→ **Exercise**
One exact copy of the listing, minus the images, is the required answer.

→ **Data extract**
=== Begin Enclosure ===
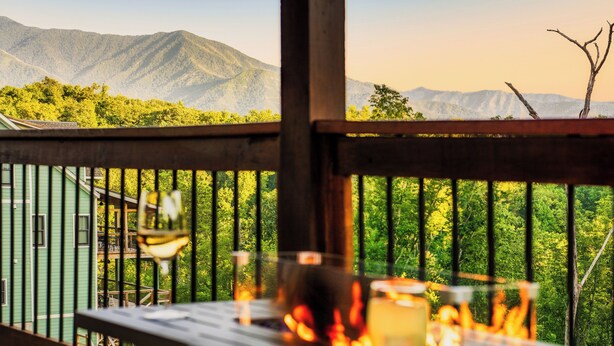 A deck with a view of mountains and trees, a glass of drink, and a candle. - Mountain View l 3mi to Gatlinburg l Hot Tub l Game Room l Pack N Play (Gatlinburg)
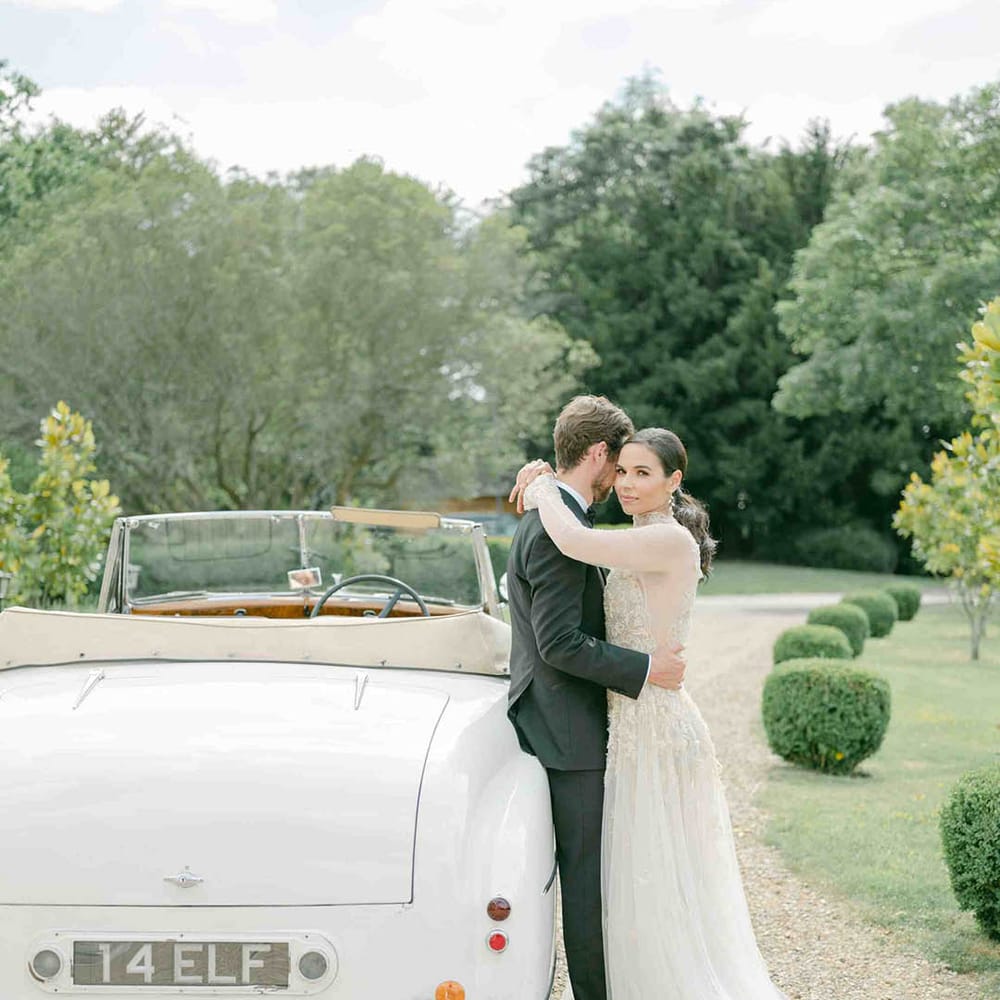 Bride in a romantic lace wedding dress with long sleeves embracing her husband in a tuxedo by their vintage wedding car 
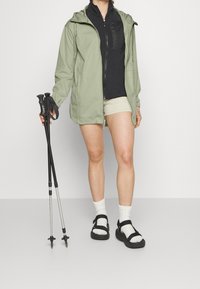 Persoon gekleed in een groene jas, zwarte vest met rits, beige shorts, witte sokken en zwarte sandalen, met in beide handen twee zwarte wandelstokken met metalen punten.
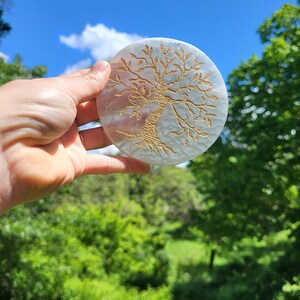 May include: A round, off-white coaster with a gold-colored tree of life design. The coaster is held up against a backdrop of a bright blue sky and green foliage. The tree design is etched into the surface of the coaster.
=== End Enclosure ===
→ **Your solution**
 A deck with a view of mountains and trees, a glass of drink, and a candle. - Mountain View l 3mi to Gatlinburg l Hot Tub l Game Room l Pack N Play (Gatlinburg)
 Bride in a romantic lace wedding dress with long sleeves embracing her husband in a tuxedo by their vintage wedding car 
 Persoon gekleed in een groene jas, zwarte vest met rits, beige shorts, witte sokken en zwarte sandalen, met in beide handen twee zwarte wandelstokken met metalen punten.
 May include: A round, off-white coaster with a gold-colored tree of life design. The coaster is held up against a backdrop of a bright blue sky and green foliage. The tree design is etched into the surface of the coaster.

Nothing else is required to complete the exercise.